2) Scotland was the first to discover oil. Kenny MacAskill actually said that twice. Did cars run on fresh air before the 1960s, then? As a friend of mine said on Facebook, who knew that this Wikipedia page on the history of petroleum, which charts its 4000 year history, was part of Project Fear?
3) The SNP brought in free personal care. Unless by “we”, Kenny MacAskill meant “The Liberal Democrats in coalition with Labour”
The tone was really set with the first question. What right did “they” have to interfere in “our” election? They being Scotland’s other government, who have sent this leaflet to Scotland’s households. MacAskill had to admit that they had the perfect right to do that, given the amount the Scottish Government has spent on advancing the independence cause.
MacAskill’s answers were strewn with casual inaccuracy. I’ve noticed before that Better Together are not so good at challenging the oft-made assertion that the NHS has been privatised south of the border. Last night, Kenny also added in that the Tories hate the BBC so that would be privatised as well. And they say that the pro-UK side indulge in scaremongering.
I asked him a question about civil liberties, which he didn’t directly answer.
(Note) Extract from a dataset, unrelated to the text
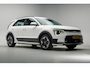 Kia Niro EV e-Niro DynamicLine 64.8 kWh [ Adapt.cruise Camera Navi/Carplay ]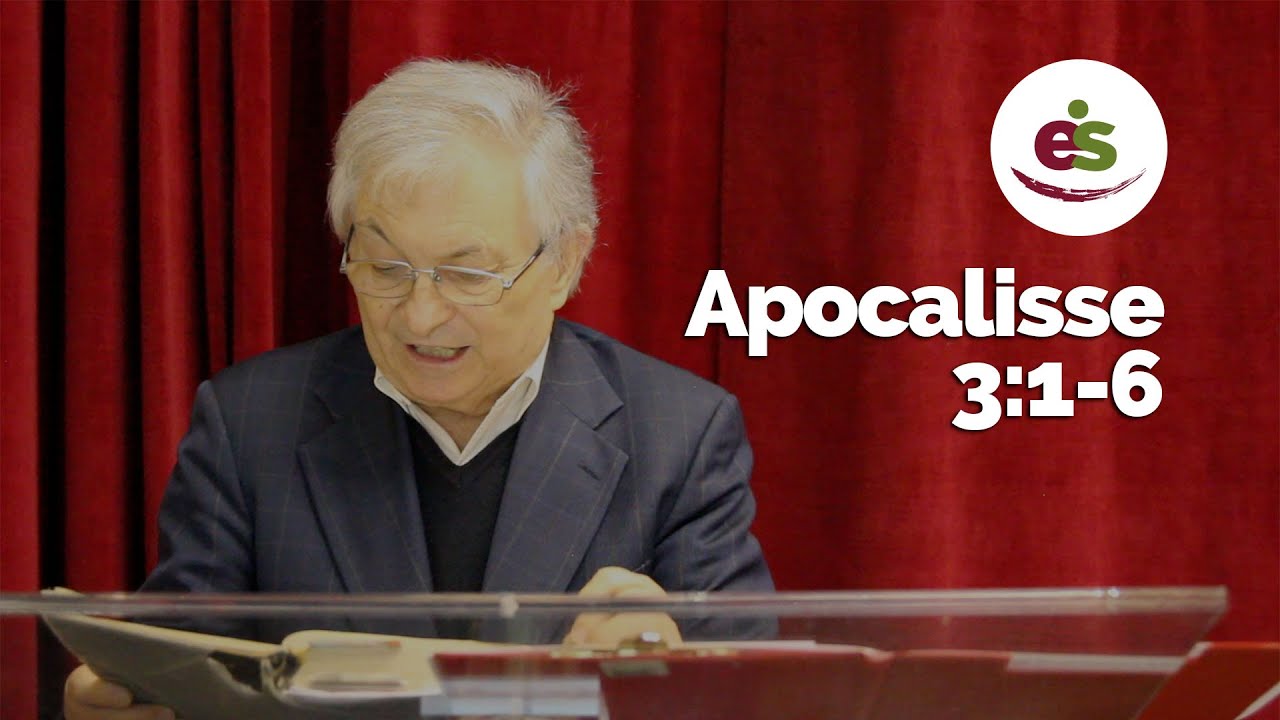 Apocalisse 3 1 6 Lettera Alla Chiesa Di Sardi YouTube apocalisse-3-1-6-lettera-alla-chiesa-di-sardi-youtube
Thing is, I said, I had to judge his government on what they did with the powers they already had, and here was him being happy with kids being stopped and searched, vulnerable women being kept in solitary for months on end, with Strathclyde policies being imposed on Highland policing, with rules on armed police being relaxed. How could I trust him to act in a liberal way if he got more power, if some security chief said that they needed to be able to detain people without charge for 3 months, or to read all our emails. From what we’ve seen so far, he’d cave immediately, saying it was an operational matter for them and they could do what they liked. MacAskill’s response? That the UK had been complicit in torture. When Angela said that she had been protecting my civil liberties by letting me speak, I knew she was joking. I wouldn’t have that same confidence with Kenny.
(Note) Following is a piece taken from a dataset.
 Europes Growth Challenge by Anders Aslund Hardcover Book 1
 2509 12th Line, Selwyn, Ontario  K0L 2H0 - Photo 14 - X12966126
The whole thing had the feel of an SNP branch meeting. Angela told me afterwards that only half a dozen so SNP members were there and only another 3 or 4 Yes campaigners. There were many more Yes badges and lanyards than that, though and the questions were reminiscent of SNP backbenchers quizzing their leader at First Minister’s Questions. They were quite friendly, although clearly I was viewed with slight wonderment, almost as though I was some curious novelty that had been thrust into their midst. It was perfectly ok for me to come along even if I was voting no, they said. You’re darned right it was, seeing as it was being paid for out of taxpayers’ money.
They really didn’t understand how anybody could possibly be voting no. In fact, two of them said, without any malice at all, that no voters were stupid. They just didn’t seem to understand the arguments, they said. It was far from the aggressive online cybernattery I face on a daily basis. This was more like being thumped with a goosedown pillow.
At least I got something out of the evening – my own copy of the White Paper so I can give my Dad’s back to him. But when I took it, the Yes people were at great pains to tell me that I could read it online, even telling me how to search in Google Chrome. I do know how to do that, strangely enough. But the convenience of an iPad or Kindle is never quite the same as having a book to thumb through and make notes on.
How, came the final question, would Scotland heal its divisions after the referendum? Collaboration on a written constitution would help, said Angela. The prospect of a No vote wasn’t even entertained.